Finde das auch sehr schade daß solche elementaren Dinge auf der HP nicht korrigiert werden, wenn sie schon von der interessierten Kundschaft drauf hingewiesen werden.


----------



## Wiepjes (11. September 2012)

log11 schrieb:


> Am genauesten sind vermutlich die Geoangaben wenn Du im Laden mal anrufst und nachmessen läßt. Ich habe z.B. auf der Radon Page bei verschiedenen Rädern Fehler in den Geodaten feststellen müssen. So ist z.Bsp. Beim Skeen das Oberrohr gleich hoch, egal ob 16,18,20 oder 22 Zoll. Das kann ja so nicht richtig sein.
> Erschwert die Bikeauswahl natürlich unnötig.



Meinst du das Sattelrohr?
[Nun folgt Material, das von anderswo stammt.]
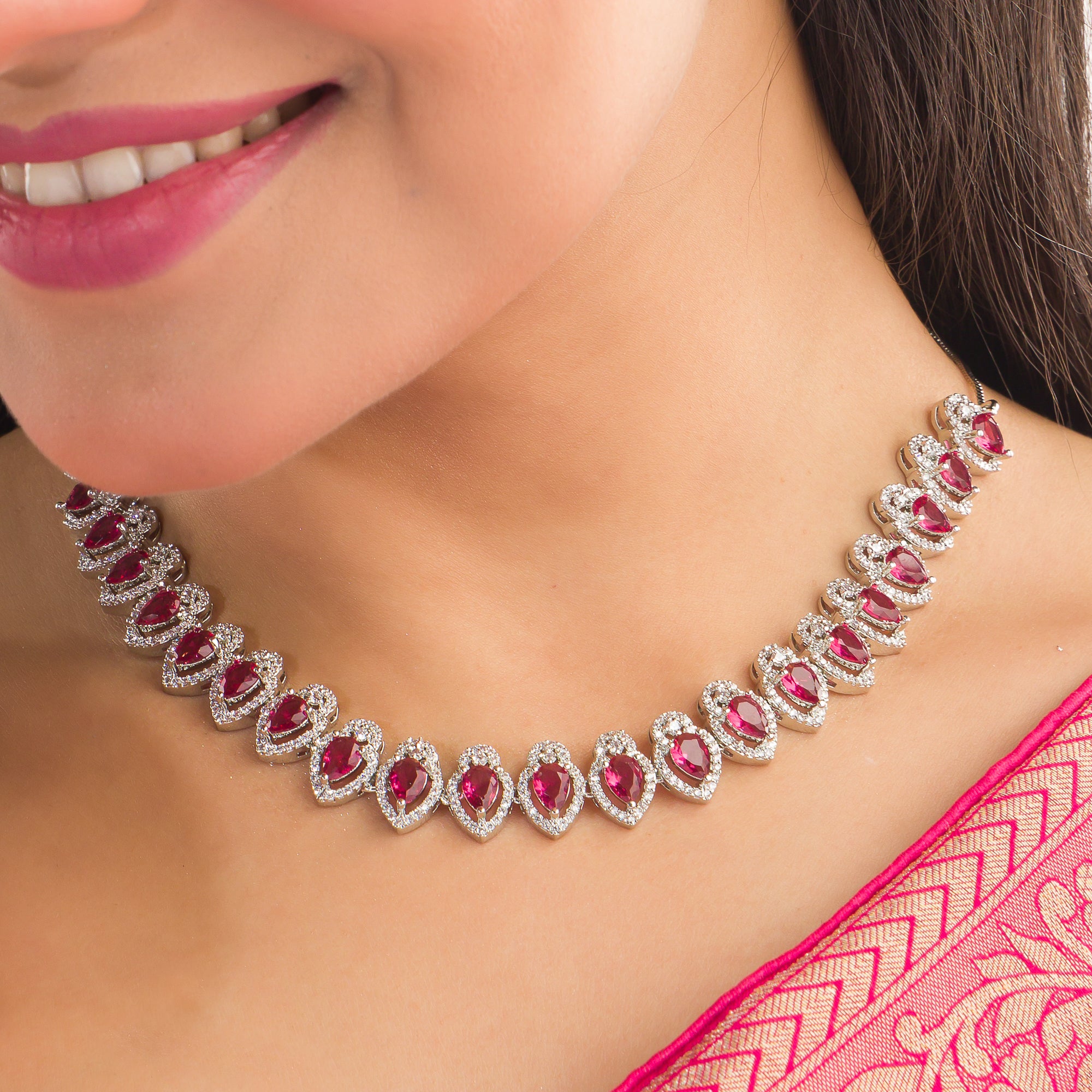 Red stone zircon necklace set, a bold and vibrant choice for striking party elegance.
Da sind doch die Angaben explizit aufgeführt:
16, 18, 20, 22". multiplizieren mit 2.54 dann hast du die cm Grösse
http://www.hoefert.de/zollrechner.html


----------



## log11 (11. September 2012)

@Wiepjes, nein NICHT das Sattelrohr sondern das Maß "Länge des Oberrohrs zum Tretlager am Sattelrohr".
Genau das ist interessant wenn man ne ungefähre Angabe zur Überstandshöhe haben möchte. 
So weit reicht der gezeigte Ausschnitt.